SDP-Codec: A Speaker-Decoupled Speech Codec with Pitch Injection for Low-Bitrate Coding and Zero-Shot Voice Conversion

SDP-Codec — method overview

SDP-Codec is a low-bitrate speech codec that separates speaker identity from content and prosody to enable high-quality speech reconstruction and zero-shot voice conversion. It uses a single-stage training method with pitch injection to reduce speaker leakage and improve voice conversion accuracy.

  • voice-conversion
  • prosody
  • speech-to-speech
  • low-latency

Demos

These demos show SDP-Codec’s performance on low-bitrate speech coding and zero-shot voice conversion using 24 kHz LibriTTS data. They highlight key metrics including speech quality, pitch preservation, and speaker accuracy during reconstruction and voice conversion. Watch how well the codec maintains naturalness and speaker identity as claimed in the paper.

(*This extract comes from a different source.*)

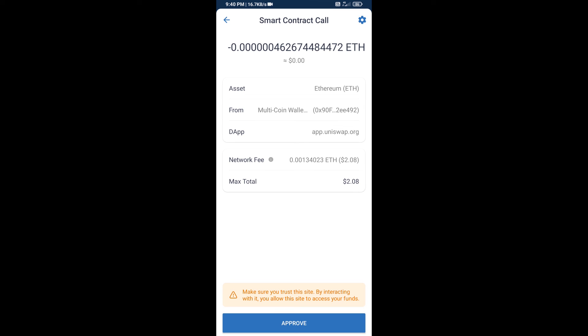So guys, I have only shared technical process, not financial advice. Invest in cryptocurrency at your own risk. Thanks for watching.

Authors: Hounsu Kim, Juhan Nam

Categories: cs.SD, eess.AS

Comment: Accepted to Interspeech 2026. Code and demo: https://github.com/hanshounsu/sdpcodec-open/

Published 2026-06-19 · Updated 2026-06-19

Abstract

Speaker-decoupled speech codecs can reduce bitrate by separating global speaker attributes from local content and prosody, while supporting voice conversion. Existing speaker-decoupled codecs face a trade-off: methods that explicitly suppress speaker leakage often rely on multi-stage or auxiliary training, whereas simpler designs can leave residual speaker information in local tokens. We propose SDP-Codec, a speaker-decoupled, pitch-injected codec trained with a single-stage optimization pipeline. SDP-Codec derives local tokens from continuous pre-quantization features of a pretrained self-supervised encoder and injects normalized F0 via a pitch encoder-decoder with global-conditioned denormalization and soft-label pitch reconstruction objective. Across 16 kHz and 24 kHz settings, SDP-Codec achieves competitive reconstruction and strong zero-shot voice conversion at comparable bitrates, with the lowest speaker-probing accuracy among compared systems, suggesting reduced speaker leakage.


Introduction

SDP-Codec is a neural speech codec designed to reduce bitrate by explicitly separating speech into a global speaker branch and a local content/prosody branch, while still supporting zero-shot voice conversion. The paper is motivated by a practical tension in speaker-decoupled codecs: systems that aggressively suppress speaker leakage often require multi-stage or auxiliary training, whereas simpler systems can leave residual speaker identity in the local tokens. The authors propose a single-stage alternative that combines three ideas: (1) re-quantizing continuous pre-quantization self-supervised features instead of using the already-discretized vq-wav2vec units, (2) injecting normalized $F_0$ into the local stream so prosody is preserved without carrying absolute speaker pitch range, and (3) using a global-conditioned pitch decoder that reconstructs the original pitch contour with a soft-label objective.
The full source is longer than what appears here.